Shot in Sweden in a style recalling Bosch and Goya, Haxan presents the view that witches were harmless hysterics victimized by a repressive church. A great favorite of the surrealists, it was also a major influence on Carl Dreyer. (The collective behind The Blair Witch Project took their name from the film.) Christensen cast himself as a hairy, jovial, long-tongued Satan, given to popping up nude in women's bedrooms.

After Haxan, Hollywood beckoned. Christensen arrived in 1925 and completed two features at MGM, then four at First National. The Devil's Circus (1926) and Mockery (1927) are typically lavish Metro star vehicles (for Norma Shearer and Lon Chaney), beautiful but a tad staid and studied. The director's gifts for comic irony, eroticized fantasy, and the macabre seem to have had much freer rein at the smaller studio, where he made four films during 1928 and 1929. Unfortunately, only one—Seven Footprints to Satan—has survived. In this irresistible horror spoof, a kidnapped couple spend the night in a vintage old dark house inhabited by ghosts, gorillas, and revolving dwarves. For good measure, there's an orgy scene that's kickier than anything in Eyes Wide Shut.

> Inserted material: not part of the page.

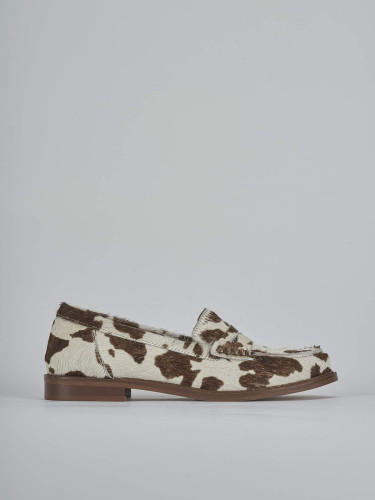 Mocasines tacón 1 cm blanco cuero de vaca con pelo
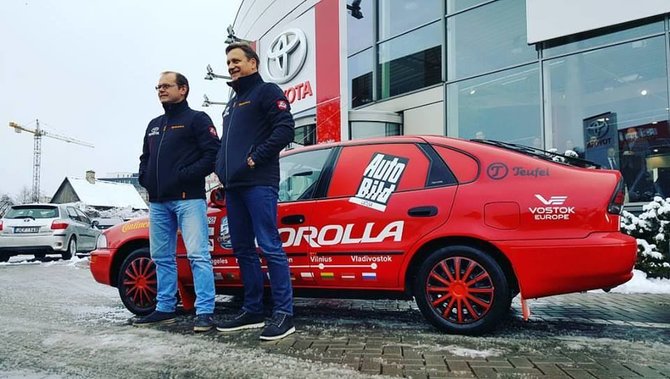 Žilvino Pekarsko / 15min nuotr./Aidas Bubinas ir Vitoldas Milius grįžo į Lietuvą 1993 m. gamybos „Toyota Corolla“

Christensen moved back to Denmark in 1935 and directed four final films there. The two I've seen, The Child (1940) and Come Home With Me (1941), both contemporary "social-debate" pictures, are so drably unremarkable they could constitute a brief for antiauteurism. It's not easy to believe that they were made by the great visionary stylist metteur en scène of Haxan, The Night of Revenge, and The Mysterious X.